I'm seeing a pretty strong trend here. Did Link act as kingmaker for Soulcalibur's most successful game? Now I don't feel quite so abnormal for having bought a Gamecube just to play that version, despite already owning the game on PS2 and XBOX! It's really a pity that the licensing and other industry issues make Link's return to the series any time soon virtually impossible.
 

Thylacine492

[06] Combatant
I'm seeing a pretty strong trend here. Did Link act as kingmaker for Soulcalibur's most successful game? Now I don't feel quite so abnormal for having bought a Gamecube just to play that version, despite already owning the game on PS2 and XBOX! It's really a pity that the licensing and other industry issues make Link's return to the series any time soon virtually impossible.
That’s the impression I got when speaking to people last year at Texas Showdown.
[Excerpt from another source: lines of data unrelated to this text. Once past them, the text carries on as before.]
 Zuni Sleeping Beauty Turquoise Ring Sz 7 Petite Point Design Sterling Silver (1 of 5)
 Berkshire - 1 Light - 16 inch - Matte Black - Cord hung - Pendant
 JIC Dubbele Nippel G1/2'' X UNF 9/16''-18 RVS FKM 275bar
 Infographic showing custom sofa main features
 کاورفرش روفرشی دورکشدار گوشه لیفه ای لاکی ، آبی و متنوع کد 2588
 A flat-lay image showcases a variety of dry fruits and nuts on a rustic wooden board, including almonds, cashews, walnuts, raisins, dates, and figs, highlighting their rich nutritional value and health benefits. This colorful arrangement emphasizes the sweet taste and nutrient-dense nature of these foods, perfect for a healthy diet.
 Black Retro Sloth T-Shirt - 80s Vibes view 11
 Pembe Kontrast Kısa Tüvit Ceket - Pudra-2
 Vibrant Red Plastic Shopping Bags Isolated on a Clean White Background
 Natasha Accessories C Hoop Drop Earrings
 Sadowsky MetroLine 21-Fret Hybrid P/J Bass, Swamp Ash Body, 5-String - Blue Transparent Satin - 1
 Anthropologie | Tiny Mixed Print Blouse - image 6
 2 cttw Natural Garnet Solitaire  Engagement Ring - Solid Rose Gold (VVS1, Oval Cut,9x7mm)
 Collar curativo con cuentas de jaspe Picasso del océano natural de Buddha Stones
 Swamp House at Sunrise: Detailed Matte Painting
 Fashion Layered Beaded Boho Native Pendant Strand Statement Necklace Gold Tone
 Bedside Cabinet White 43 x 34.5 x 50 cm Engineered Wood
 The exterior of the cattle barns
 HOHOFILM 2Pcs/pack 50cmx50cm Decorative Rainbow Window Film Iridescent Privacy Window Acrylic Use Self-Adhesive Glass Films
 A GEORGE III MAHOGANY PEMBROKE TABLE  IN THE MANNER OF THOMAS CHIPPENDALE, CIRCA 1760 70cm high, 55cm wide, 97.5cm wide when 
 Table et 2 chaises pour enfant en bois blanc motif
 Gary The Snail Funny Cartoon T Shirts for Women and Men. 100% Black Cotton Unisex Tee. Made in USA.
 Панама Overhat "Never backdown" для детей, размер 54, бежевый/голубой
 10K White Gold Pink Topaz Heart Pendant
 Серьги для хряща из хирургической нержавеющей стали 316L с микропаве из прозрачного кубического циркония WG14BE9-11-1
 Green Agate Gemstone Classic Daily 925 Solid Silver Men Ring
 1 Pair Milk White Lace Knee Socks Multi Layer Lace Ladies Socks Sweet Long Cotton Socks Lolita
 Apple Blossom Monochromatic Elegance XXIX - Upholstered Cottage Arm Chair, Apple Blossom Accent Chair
Taking into that the most common age mentioned in the posts regarding Link was 9, I’d say that having a kid friendly and popular character on the console meant to be kid friendly allowed for more children to pick up a fairly non-complex fighting game that they then proceeded to grow up with.
 

Crash X

[14] Master
My middle school had this old PS2 and SC2 and 3 were the main game. I didn’t play the game for a while (only observed) but then I eventually decided to join in the fun. I then realized it didn’t have a memory card so we couldn’t unlock the other characters. As a result, I decided to bring my own memory card for it so we can keep all the unlocked cast.

I’ve been a fan of the series ever since, with my experience to SC5 wanting me to invest into any main entry of the series.
 

artard4321

[12] Conqueror
I'm seeing a pretty strong trend here. Did Link act as kingmaker for Soulcalibur's most successful game? Now I don't feel quite so abnormal for having bought a Gamecube just to play that version, despite already owning the game on PS2 and XBOX! It's really a pity that the licensing and other industry issues make Link's return to the series any time soon virtually impossible.
I wouldn't call it virtually impossible if they add him as a console exclusive guest character for a Nintendo Switch port.

I know that people don't usually like console exclusives but the Nintendo Switch is practically a different environment than other platforms. I'm sure there will be people who will buy another copy if it's for the Nintendo Switch since it also serves as a handheld experience. Having Link return and featured in the cover of the game will be huge for sales.
 

Rusted Blade

[10] Knight
I wouldn't call it virtually impossible if they add him as a console exclusive guest character for a Nintendo Switch port.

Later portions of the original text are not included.